[Work task] When you write out the listing, keep every character and omit the pictures.

[Data block]
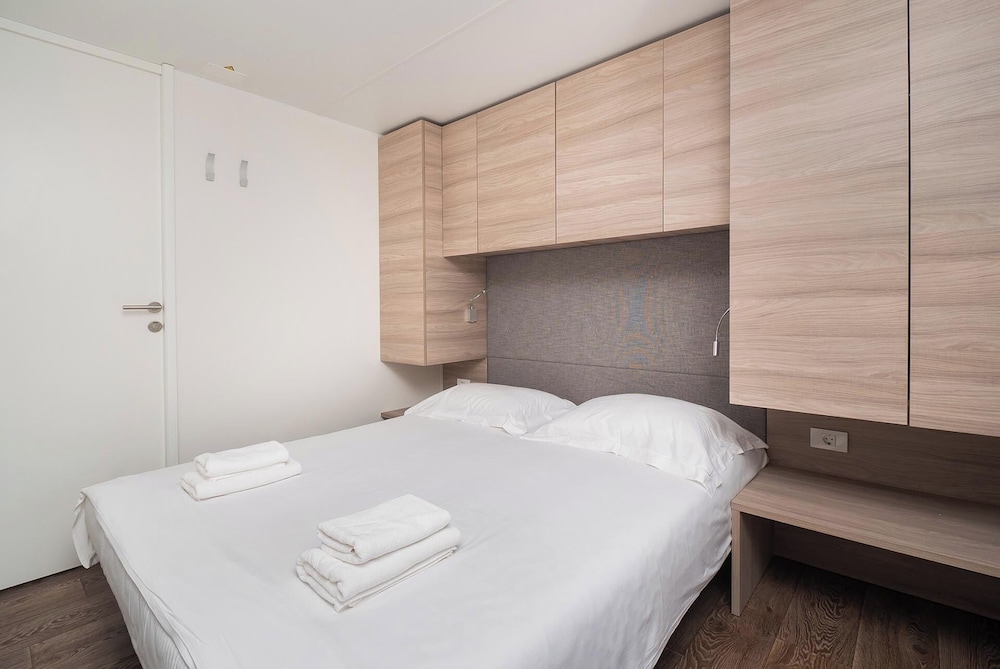 Amadria Park Camping Sibenik Mobile Homes 37/73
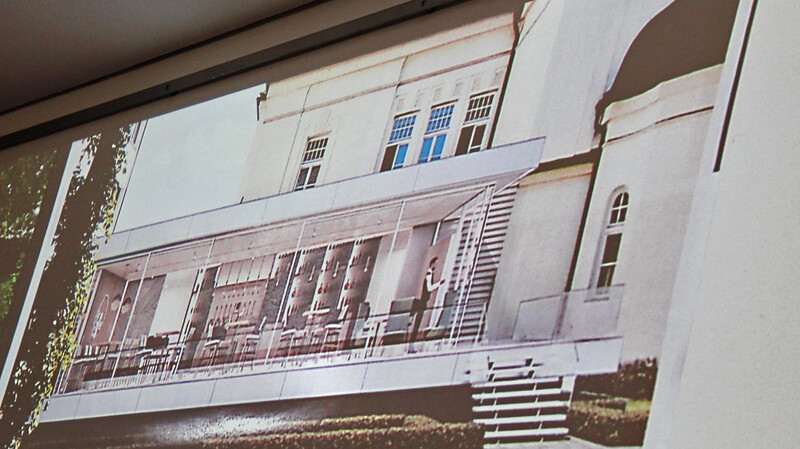 Die geplante Stahl-Glaskonstruktion, statt grau künftig in weiß, hat das Bauamt als Animation im Sitzungssaal präsentiert.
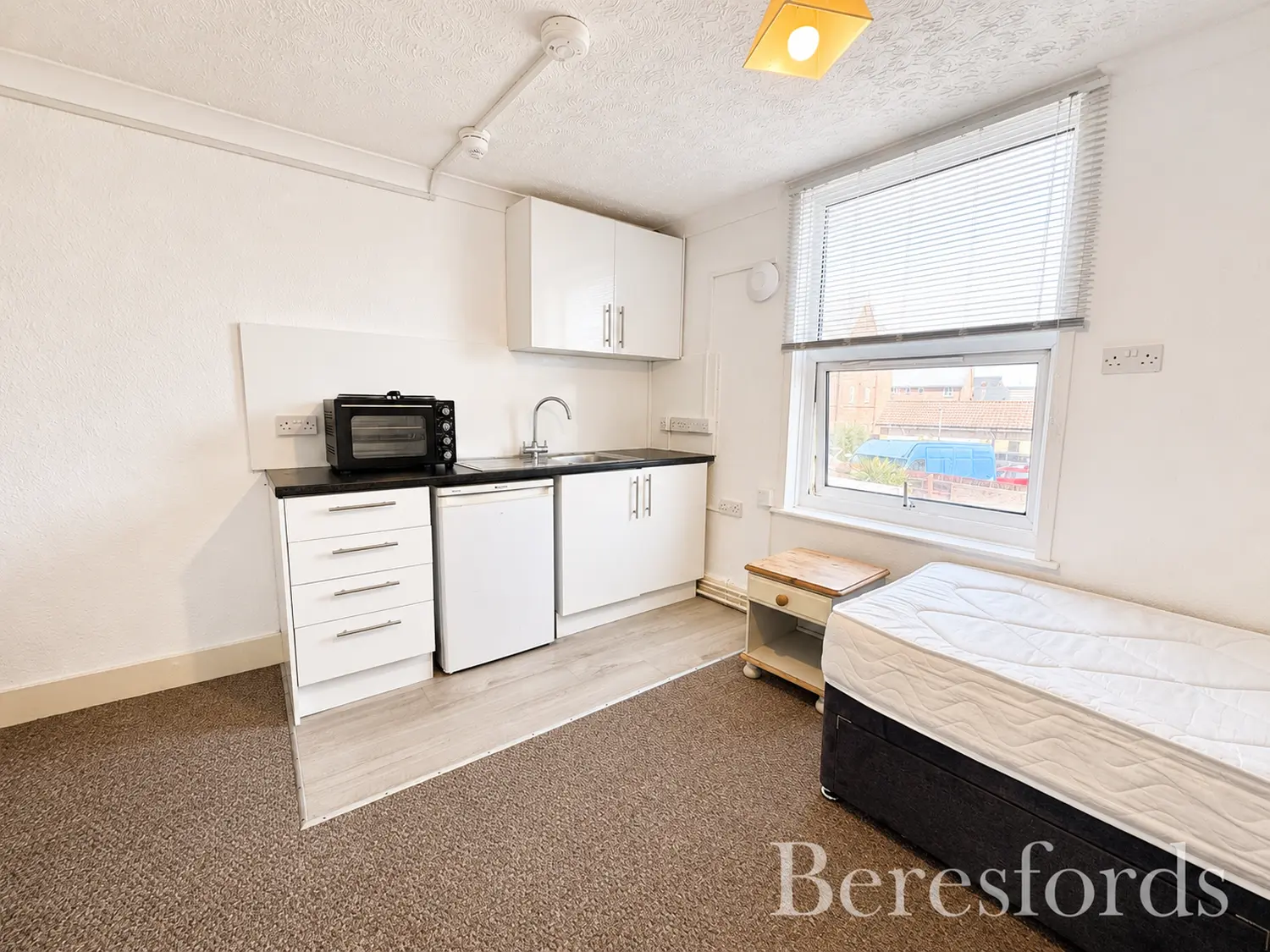 Room Barrack Street in Colchester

[Written answer]
 Amadria Park Camping Sibenik Mobile Homes 37/73
 Die geplante Stahl-Glaskonstruktion, statt grau künftig in weiß, hat das Bauamt als Animation im Sitzungssaal präsentiert.
 Room Barrack Street in Colchester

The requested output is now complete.